Segment Start: Data supplied
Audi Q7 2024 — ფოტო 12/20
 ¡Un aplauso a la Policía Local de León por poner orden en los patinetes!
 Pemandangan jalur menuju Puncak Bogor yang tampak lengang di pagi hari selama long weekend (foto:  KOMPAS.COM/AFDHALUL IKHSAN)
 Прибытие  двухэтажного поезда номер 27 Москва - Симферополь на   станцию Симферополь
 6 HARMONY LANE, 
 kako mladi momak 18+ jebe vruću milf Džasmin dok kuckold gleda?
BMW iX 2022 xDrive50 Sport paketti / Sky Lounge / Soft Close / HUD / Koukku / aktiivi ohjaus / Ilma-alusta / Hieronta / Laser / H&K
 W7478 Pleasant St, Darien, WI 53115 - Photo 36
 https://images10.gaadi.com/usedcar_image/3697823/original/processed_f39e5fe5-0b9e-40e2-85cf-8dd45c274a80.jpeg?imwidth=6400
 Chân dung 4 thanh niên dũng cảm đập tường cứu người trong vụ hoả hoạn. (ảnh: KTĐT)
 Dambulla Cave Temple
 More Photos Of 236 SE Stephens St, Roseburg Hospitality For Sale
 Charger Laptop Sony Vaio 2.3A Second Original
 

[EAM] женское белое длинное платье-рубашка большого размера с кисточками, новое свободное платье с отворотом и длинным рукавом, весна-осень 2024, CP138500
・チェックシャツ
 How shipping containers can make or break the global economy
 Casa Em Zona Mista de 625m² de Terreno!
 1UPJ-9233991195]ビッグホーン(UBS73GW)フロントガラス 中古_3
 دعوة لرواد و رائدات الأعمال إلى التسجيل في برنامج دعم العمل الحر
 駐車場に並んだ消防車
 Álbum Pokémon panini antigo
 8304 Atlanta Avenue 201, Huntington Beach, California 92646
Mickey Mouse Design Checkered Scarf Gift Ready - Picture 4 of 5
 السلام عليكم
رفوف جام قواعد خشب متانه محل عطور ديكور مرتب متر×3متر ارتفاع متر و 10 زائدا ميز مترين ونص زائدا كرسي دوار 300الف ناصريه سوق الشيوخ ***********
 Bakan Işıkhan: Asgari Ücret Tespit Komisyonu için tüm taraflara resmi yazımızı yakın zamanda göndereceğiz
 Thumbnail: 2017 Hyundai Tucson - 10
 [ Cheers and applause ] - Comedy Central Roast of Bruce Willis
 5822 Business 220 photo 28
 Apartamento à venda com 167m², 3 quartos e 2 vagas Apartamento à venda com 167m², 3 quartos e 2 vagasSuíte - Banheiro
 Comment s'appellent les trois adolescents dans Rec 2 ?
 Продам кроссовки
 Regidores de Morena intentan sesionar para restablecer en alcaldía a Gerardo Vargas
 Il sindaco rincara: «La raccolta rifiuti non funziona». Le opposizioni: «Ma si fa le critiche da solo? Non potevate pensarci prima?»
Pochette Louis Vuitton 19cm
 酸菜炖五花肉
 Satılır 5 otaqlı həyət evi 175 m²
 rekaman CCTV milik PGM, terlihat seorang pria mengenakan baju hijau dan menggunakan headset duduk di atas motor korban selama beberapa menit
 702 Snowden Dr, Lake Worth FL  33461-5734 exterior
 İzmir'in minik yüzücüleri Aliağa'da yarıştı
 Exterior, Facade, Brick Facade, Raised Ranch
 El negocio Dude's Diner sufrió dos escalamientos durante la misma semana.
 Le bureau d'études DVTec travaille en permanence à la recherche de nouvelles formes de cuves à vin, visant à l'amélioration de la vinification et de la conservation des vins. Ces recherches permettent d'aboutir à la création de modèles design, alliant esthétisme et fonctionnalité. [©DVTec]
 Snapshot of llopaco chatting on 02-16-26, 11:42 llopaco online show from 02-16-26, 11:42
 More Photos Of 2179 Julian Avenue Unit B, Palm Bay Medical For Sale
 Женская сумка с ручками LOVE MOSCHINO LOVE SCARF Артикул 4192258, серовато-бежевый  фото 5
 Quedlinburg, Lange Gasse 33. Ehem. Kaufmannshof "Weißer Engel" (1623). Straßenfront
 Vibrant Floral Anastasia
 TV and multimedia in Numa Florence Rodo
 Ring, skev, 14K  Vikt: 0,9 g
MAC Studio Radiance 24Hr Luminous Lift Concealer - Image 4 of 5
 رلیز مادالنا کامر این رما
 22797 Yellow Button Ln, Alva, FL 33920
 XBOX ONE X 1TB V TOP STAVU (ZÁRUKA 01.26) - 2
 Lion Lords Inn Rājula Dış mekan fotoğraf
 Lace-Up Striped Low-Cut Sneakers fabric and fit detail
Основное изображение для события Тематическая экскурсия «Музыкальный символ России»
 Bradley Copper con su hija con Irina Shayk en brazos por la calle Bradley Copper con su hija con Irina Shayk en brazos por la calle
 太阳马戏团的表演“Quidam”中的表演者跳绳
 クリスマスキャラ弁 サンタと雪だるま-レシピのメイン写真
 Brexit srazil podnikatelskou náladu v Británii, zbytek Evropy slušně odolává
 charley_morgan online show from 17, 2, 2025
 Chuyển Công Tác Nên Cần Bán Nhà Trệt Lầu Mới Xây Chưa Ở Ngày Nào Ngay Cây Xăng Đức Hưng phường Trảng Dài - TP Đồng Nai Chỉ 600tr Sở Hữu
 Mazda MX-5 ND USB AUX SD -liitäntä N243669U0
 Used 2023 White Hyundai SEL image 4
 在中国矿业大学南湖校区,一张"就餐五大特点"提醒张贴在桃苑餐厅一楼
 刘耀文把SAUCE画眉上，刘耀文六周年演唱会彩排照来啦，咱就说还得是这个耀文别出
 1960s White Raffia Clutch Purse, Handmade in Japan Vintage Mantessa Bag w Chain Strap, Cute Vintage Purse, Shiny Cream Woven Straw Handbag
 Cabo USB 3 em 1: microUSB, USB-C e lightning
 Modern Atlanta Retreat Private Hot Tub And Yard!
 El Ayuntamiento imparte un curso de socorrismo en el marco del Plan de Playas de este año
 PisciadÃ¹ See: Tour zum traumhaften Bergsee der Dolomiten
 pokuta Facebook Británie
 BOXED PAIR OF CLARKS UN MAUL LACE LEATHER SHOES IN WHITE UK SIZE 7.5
Segment End: Data supplied
[Problem] Looking at the data above, write out exactly the lines that start at the one containing "kako mladi momak" and end at the one containing "Casa Em Zona Mista de 625m² de Terreno!"; include both and nothing beyond.

[Final answer]
 kako mladi momak 18+ jebe vruću milf Džasmin dok kuckold gleda?
BMW iX 2022 xDrive50 Sport paketti / Sky Lounge / Soft Close / HUD / Koukku / aktiivi ohjaus / Ilma-alusta / Hieronta / Laser / H&K
 W7478 Pleasant St, Darien, WI 53115 - Photo 36
 https://images10.gaadi.com/usedcar_image/3697823/original/processed_f39e5fe5-0b9e-40e2-85cf-8dd45c274a80.jpeg?imwidth=6400
 Chân dung 4 thanh niên dũng cảm đập tường cứu người trong vụ hoả hoạn. (ảnh: KTĐT)
 Dambulla Cave Temple
 More Photos Of 236 SE Stephens St, Roseburg Hospitality For Sale
 Charger Laptop Sony Vaio 2.3A Second Original
 

[EAM] женское белое длинное платье-рубашка большого размера с кисточками, новое свободное платье с отворотом и длинным рукавом, весна-осень 2024, CP138500
・チェックシャツ
 How shipping containers can make or break the global economy
 Casa Em Zona Mista de 625m² de Terreno!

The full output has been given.